Of course, I did all my low tech analogues of those means, buying models and gluing them on pieces of glass and moving them around. It was good training to think spatially and to think in terms of story boarding and so on. So I was already a filmmaker but I hadn't realized it yet.
That was all happening in Canada, thousands of miles from Hollywood, and then ironically, at the age of 17 we moved from Canada to Los Angeles, which is very close to the black hole of Hollywood itself. At that point, I didn't know if I could get there from here. "Who am I to say that I could be a filmmaker?" It didn't make any sense so I abandoned it for grown-up things and I decided to be a scientist. It wasn't until many years later that I realized this is where my heart really lay.
The next light bulb was really just the one that says, "Just do it. Just pick up a camera and start shooting something." Don't wait to be asked because nobody is going to ask you and don't wait for the perfect conditions because they'll never be perfect. It's a little bit like having a child. If you wait until the right time to have a child you'll die childless, and I think film making is very much the same thing. You just have to take the plunge and just start shooting something even if it's bad. You can always hide it but you will have learned something, you know.
James Cameron: The films that influenced me were so disparate that there's almost no pattern. Stanley Kubrick was an influence because I loved 2001: A Space Odyssey. and the more I learned about him and his methodology the more I realized what a rigorous intellectual exercise filmmaking was for him, and I was inspired by that. The word perfectionist has a fussy connotation of unnecessary work, of unnecessary complication of the process, but I think that everything he did in his process was necessary.
I have since come to learn that process doesn't work as well for me. There has to be some chaos, some looseness, so the actors are given the opportunities to give you their best. If you have it preconceived in crystallinely perfect form, you don't leave the door open for magic. The magic doesn't come from within the director's mind, it comes from within the hearts of the actors. You have to be there to seize it at the right moment. But Kubrick was definitely an important influence.
All the films that I saw in my last two years of high school and my first year of college are the films that still burn vividly for me. Woodstock, Catch-22, Easy Rider, The Graduate, Bonnie and Clyde, The Godfather. It was such an amazing time in film production, very eclectic and just breaking all the rules.

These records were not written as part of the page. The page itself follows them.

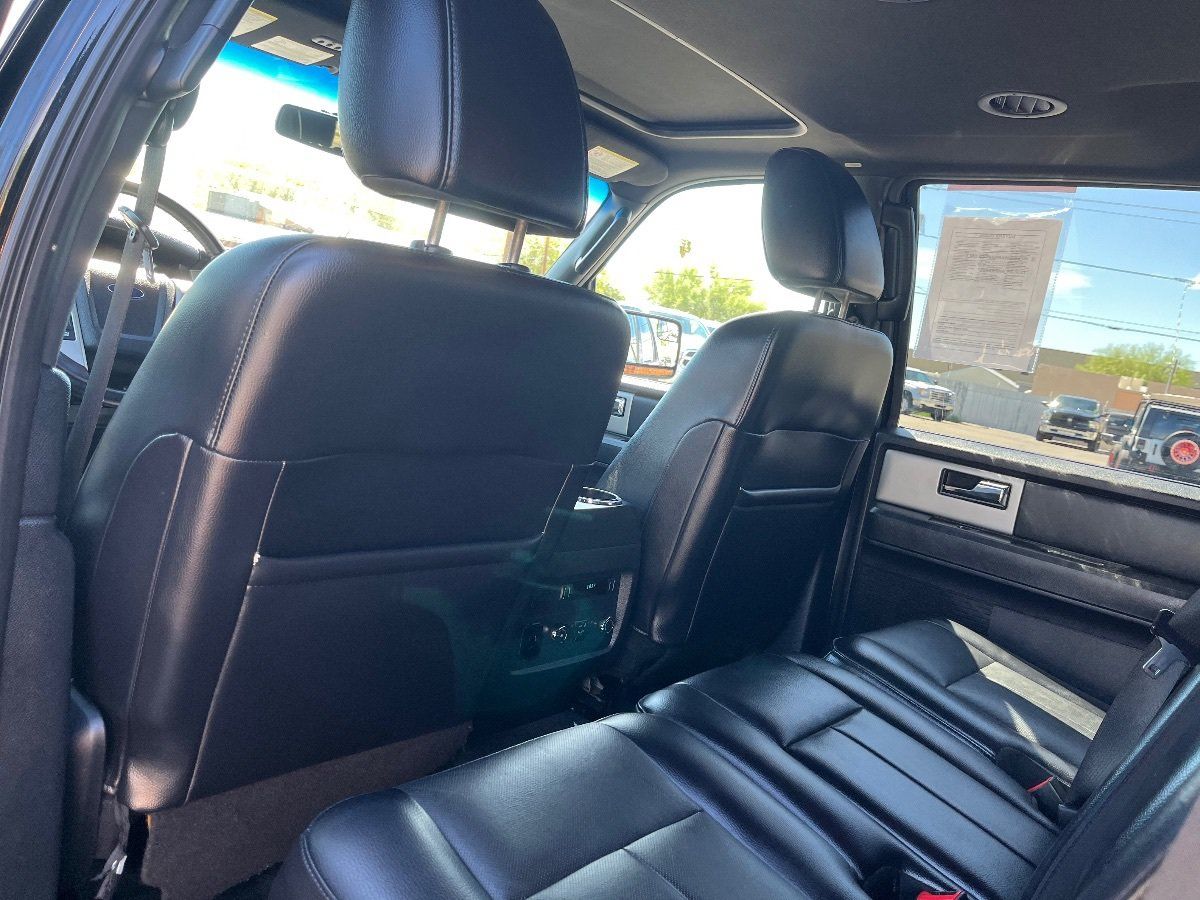 Used 2016 Ford Expedition Limited RWD image 29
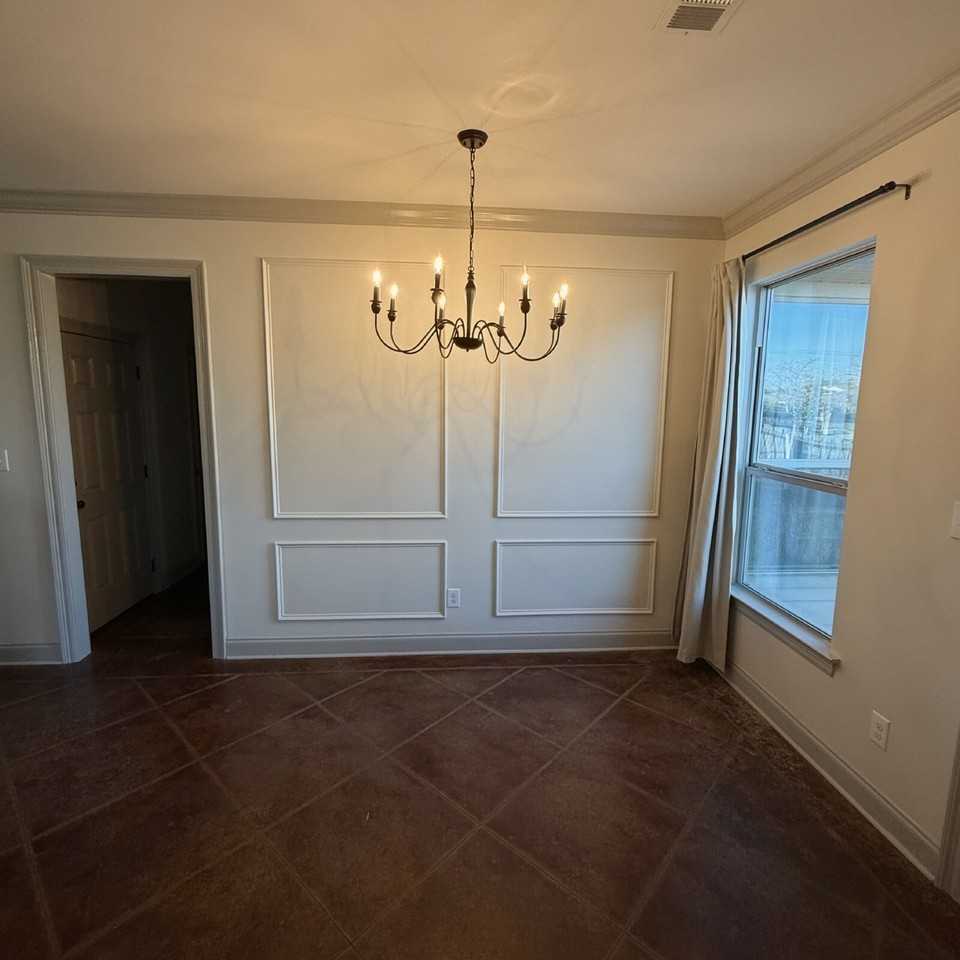 10931 Grace Ln - Photo 4 of 30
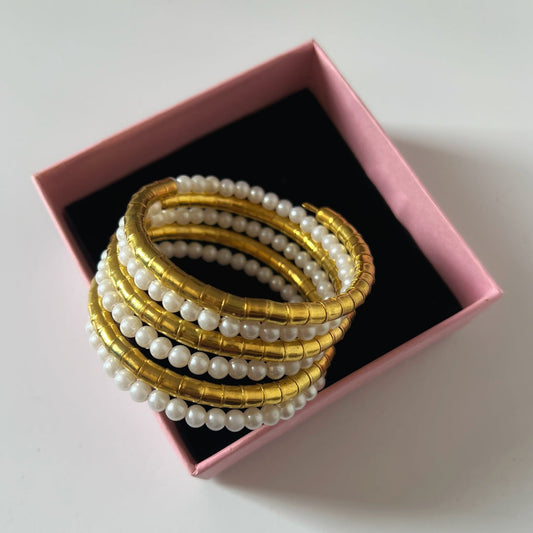 RAIRA Golden Pearl Spiral Boho Chic Bangle for Girls/Women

You've also said seeing the film Star Wars affected you.
James Cameron: That was probably the film that galvanized me to get off my butt and go be a film maker. I was fascinated by space, I was always painting space ships and living in this world of these whizzing, dynamic space battles.
In my senior year in high school, we used to play "Battleship" in class. We turned it into space battleships and we would draw these elaborate spaceships and send coordinates to each other by notes and try to blow each other up.
I was living in a Star Wars world in my mind, and all of a sudden I saw this film, and it was like somebody had reached into my hind brain and yanked out a lot of stuff that was in there, and I was seeing it on the screen realized. And not to take anything away from George's creation, because it's obviously a phenomenal milestone, but my reaction to it was not, "Oh, wow, that's cool. I want to see more." It was, "Oh, wow, I better get off my butt because somebody is doing this stuff, you know, and they're beating me to it." That was my reaction. So I -- you know, I basically quit my job and started, you know, doing a little film with visual effects, and sucked my friends into that vortex, and we all quit our jobs and fortunately we've all managed to successfully transition into film making, of that little group of four people.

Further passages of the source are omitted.